In the data below, find the line that contains "Vortex Optics Spitfire" and the line that contains "Asian Buddhist Monk Painted Wood Statue 5". Copy both, plus every line between them, exactly.
*** Opening of Records for the task ***
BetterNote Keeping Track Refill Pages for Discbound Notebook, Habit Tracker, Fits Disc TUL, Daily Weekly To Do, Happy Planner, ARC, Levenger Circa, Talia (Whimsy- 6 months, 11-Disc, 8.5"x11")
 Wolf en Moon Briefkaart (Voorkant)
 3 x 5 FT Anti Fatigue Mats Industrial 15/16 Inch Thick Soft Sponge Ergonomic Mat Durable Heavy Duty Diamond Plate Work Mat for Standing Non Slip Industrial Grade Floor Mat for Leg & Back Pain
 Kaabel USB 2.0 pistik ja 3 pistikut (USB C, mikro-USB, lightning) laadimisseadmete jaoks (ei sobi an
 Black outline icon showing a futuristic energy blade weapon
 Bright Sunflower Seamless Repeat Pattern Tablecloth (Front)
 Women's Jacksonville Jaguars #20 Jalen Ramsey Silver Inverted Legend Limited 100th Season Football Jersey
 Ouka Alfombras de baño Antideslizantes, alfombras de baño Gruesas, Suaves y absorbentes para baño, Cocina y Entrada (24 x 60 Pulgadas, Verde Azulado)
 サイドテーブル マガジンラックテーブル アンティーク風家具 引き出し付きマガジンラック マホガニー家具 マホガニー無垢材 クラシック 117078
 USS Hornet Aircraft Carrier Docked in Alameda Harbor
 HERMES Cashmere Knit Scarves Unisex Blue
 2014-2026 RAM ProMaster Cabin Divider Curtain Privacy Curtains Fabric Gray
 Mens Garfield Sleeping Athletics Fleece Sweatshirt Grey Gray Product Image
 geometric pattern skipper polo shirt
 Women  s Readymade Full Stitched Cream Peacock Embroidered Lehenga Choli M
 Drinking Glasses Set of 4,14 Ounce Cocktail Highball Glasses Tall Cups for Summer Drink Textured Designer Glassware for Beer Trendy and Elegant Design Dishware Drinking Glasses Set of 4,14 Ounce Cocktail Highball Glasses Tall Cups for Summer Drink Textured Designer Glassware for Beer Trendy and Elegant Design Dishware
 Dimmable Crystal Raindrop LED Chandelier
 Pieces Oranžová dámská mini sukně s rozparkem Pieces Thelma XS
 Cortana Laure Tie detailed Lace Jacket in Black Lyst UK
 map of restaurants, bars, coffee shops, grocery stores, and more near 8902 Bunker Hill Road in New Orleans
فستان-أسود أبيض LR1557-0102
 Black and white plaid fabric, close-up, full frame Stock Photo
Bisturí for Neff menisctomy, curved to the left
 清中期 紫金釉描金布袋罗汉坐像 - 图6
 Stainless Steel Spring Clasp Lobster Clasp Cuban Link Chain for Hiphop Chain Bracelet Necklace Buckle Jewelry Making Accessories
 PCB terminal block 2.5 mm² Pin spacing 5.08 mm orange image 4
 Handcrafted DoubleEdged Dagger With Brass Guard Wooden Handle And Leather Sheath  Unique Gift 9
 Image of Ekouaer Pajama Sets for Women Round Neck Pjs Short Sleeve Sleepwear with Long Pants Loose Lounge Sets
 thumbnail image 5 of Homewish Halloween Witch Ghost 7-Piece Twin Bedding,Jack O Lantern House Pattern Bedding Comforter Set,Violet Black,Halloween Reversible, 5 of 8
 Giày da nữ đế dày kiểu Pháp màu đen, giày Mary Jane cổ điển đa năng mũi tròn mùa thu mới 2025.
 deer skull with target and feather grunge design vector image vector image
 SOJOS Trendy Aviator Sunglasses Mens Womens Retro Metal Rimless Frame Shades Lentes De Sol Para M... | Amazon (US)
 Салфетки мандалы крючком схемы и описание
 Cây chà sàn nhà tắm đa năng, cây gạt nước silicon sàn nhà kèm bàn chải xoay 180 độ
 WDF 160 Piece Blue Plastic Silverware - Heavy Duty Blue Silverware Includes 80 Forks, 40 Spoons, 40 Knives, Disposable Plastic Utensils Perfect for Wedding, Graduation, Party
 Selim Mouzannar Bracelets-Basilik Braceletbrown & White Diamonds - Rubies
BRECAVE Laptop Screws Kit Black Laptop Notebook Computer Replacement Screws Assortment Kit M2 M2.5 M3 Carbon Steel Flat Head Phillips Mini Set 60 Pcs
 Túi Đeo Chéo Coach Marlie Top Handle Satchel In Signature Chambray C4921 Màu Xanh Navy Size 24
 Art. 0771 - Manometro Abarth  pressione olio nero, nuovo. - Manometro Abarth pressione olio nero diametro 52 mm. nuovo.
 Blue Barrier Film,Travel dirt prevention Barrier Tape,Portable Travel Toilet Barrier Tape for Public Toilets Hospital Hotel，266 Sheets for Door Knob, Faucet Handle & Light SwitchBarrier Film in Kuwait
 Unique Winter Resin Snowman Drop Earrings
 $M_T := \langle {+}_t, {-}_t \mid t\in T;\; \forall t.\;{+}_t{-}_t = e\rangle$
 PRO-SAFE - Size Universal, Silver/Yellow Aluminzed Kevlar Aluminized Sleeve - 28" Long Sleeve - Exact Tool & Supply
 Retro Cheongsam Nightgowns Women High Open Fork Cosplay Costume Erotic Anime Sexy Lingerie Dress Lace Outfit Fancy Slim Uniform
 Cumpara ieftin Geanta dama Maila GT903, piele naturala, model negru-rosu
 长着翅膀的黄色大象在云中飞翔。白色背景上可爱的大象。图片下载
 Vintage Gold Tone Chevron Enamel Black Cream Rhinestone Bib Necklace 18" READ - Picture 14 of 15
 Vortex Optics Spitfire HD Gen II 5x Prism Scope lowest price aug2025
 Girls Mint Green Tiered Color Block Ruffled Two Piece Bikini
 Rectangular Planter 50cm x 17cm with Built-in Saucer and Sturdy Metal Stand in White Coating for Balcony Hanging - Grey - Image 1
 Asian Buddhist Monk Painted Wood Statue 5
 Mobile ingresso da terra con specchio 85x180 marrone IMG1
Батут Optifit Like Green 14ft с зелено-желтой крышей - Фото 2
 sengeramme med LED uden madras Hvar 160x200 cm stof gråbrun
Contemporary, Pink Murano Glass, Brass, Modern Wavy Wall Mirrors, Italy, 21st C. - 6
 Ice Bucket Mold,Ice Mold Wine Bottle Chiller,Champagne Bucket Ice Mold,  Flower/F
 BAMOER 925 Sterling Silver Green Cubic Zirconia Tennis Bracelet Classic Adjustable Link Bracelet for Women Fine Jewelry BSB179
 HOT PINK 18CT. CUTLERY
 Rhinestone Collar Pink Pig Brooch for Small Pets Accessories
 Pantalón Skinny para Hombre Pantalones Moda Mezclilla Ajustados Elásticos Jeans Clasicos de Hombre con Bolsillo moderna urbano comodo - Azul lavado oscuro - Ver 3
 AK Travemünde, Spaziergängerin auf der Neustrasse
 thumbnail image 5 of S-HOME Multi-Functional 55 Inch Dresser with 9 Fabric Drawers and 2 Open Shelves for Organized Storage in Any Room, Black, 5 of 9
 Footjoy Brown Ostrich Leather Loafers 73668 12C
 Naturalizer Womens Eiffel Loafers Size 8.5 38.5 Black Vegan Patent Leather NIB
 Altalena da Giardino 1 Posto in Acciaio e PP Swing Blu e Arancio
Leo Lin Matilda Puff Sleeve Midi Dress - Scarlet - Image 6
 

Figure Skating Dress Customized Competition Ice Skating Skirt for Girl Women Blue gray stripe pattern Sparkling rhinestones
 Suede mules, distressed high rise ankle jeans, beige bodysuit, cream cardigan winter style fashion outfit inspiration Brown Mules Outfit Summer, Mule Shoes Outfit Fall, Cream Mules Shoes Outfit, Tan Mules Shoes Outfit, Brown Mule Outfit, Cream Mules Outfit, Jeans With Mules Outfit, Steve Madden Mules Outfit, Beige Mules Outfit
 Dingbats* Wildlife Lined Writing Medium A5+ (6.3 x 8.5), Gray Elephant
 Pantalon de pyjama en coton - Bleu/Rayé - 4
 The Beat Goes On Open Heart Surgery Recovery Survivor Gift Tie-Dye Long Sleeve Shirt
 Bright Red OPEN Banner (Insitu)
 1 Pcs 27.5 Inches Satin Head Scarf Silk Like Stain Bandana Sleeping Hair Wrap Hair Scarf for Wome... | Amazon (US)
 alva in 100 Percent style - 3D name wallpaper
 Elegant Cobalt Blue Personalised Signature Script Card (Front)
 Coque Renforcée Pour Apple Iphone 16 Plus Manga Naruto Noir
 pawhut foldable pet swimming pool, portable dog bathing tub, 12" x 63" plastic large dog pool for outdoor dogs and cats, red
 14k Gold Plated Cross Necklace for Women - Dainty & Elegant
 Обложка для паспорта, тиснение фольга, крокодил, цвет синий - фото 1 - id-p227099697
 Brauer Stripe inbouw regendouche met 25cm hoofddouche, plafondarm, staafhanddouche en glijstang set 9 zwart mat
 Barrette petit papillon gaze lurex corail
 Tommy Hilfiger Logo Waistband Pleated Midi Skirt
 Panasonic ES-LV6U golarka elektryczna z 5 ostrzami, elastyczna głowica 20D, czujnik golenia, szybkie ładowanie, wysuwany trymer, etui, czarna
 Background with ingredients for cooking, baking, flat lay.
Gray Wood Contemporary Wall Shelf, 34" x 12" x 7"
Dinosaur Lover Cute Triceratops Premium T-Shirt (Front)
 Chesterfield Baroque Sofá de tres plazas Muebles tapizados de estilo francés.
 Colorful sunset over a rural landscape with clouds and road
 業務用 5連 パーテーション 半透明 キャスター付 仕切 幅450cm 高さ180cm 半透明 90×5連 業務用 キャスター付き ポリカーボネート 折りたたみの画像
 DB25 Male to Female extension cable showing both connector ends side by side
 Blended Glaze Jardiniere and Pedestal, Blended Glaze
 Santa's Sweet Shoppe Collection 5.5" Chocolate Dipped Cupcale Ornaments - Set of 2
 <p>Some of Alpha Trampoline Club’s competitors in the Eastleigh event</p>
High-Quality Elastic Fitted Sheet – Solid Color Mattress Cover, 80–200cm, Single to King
*** Close of Records for the task ***
→ Task solution
 Vortex Optics Spitfire HD Gen II 5x Prism Scope lowest price aug2025
 Girls Mint Green Tiered Color Block Ruffled Two Piece Bikini
 Rectangular Planter 50cm x 17cm with Built-in Saucer and Sturdy Metal Stand in White Coating for Balcony Hanging - Grey - Image 1
 Asian Buddhist Monk Painted Wood Statue 5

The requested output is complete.